Advocates of saving the mammoth 1920s Yates barn say that keeping the structure standing and in use would cost $200,000 to $300,000.
But the property owner says his experts have estimated costs up to nearly $5 million, far more than the site can recover as a business.
“We can conceive of no development plan or future use that would justify the money it would take to rehabilitate these properties,” said lawyer Brian Attea.
Attea represents a company headed by developer James Jerge that seeks to raze the barn and build houses on the property.
A permit to do that has been on hold this year while the town considers whether to save the barn, and its attached ceramic silos, by granting historic status. The Town Board held off on acting on the designation at Wednesday’s meeting.
The hearing was a do-over of a previous one held in July, of which the developer who owns the property said he was not notified.
Attea questioned the barn’s claim to a place in history.
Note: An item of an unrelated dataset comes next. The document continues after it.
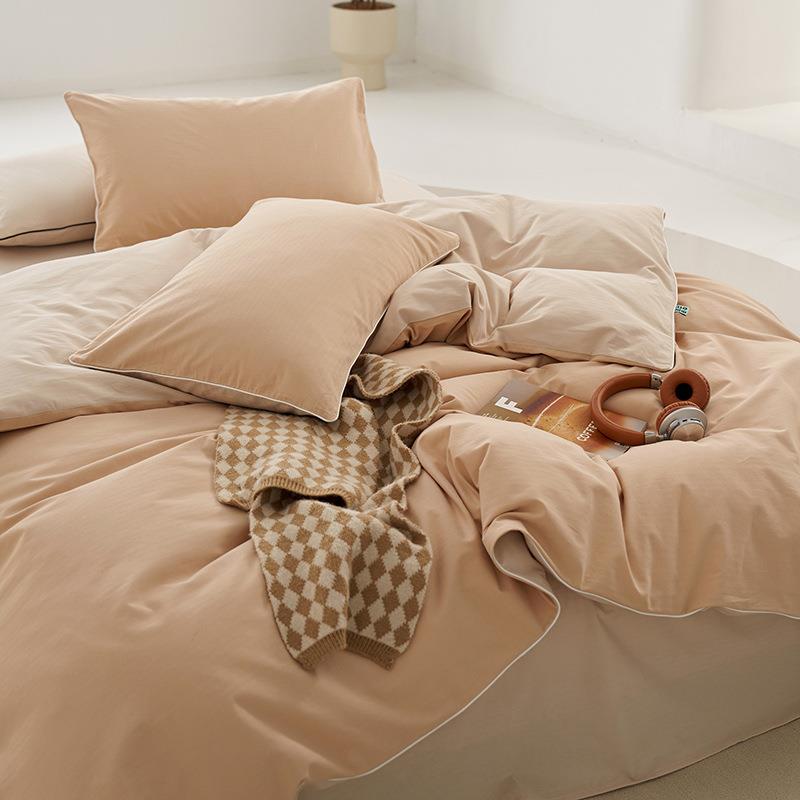 高端A类纯棉磨毛四件套 秋冬季亲肤提花糯感加厚床单被套裸睡床品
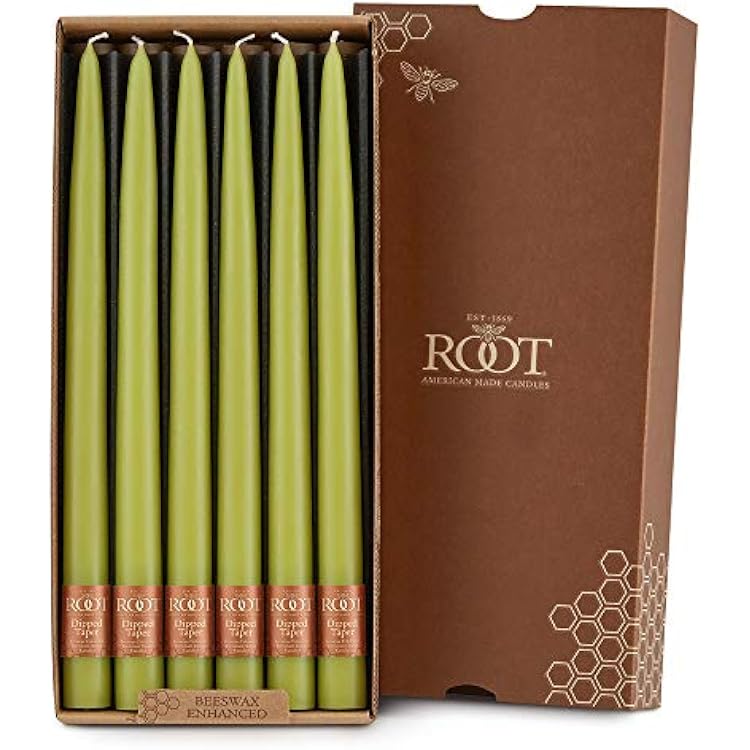 Root Candles Smooth Hand-Dipped 12-Inch Dinner Candles, 12-Count, Willow 7242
It isn’t mentioned or pictured in a book on the original owner, Harry Yates, he said, while research at the Orchard Park Library and on the Internet failed to turn up support for historic designation.
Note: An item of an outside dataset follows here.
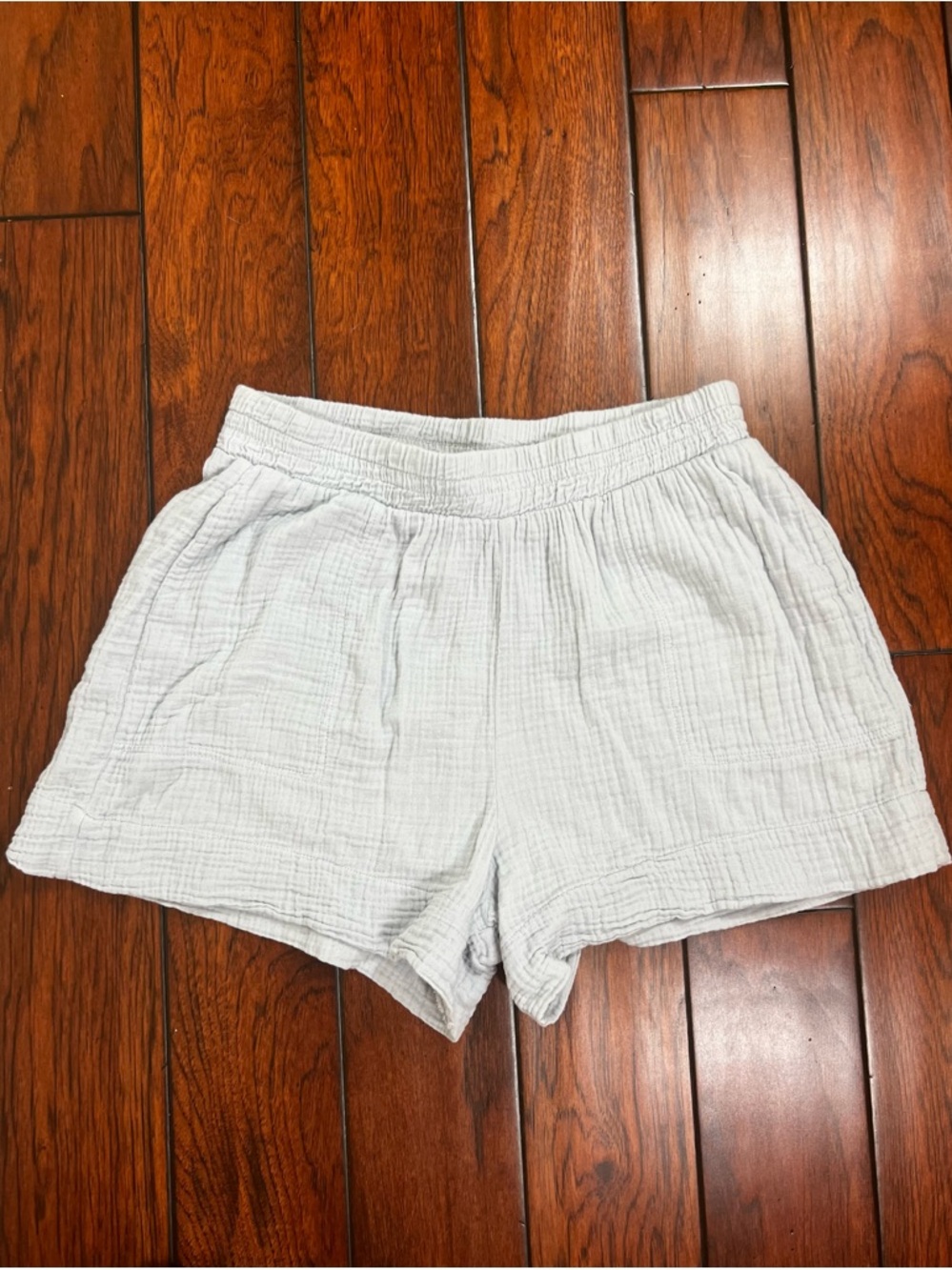 Nation LTD Women’s Light Blue High-Waist Gauze Pull-On shorts Size Medium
Farmer-businessman Harry Yates once owned 3,500 acres in Orchard Park.
Sue Kulp, a member of the Historic Preservation Board, disputed Attea’s cost estimates. While full restoration might be costly, simply preserving the structure would cost a fraction of his estimate, she said.
“We don’t want to take it back to its original condition — we want to stabilize it, to preserve it.”
Preservation board members have toured the structure with building experts to arrive at the figure of $200,000 to $300,000.
The barn could be used as part of a horse farm, and grants for preservation could be found if the historic status is granted, preservation advocates said.
“To see this wonderful structure torn down would be an absolute tragedy,” resident Michelle Taberski said.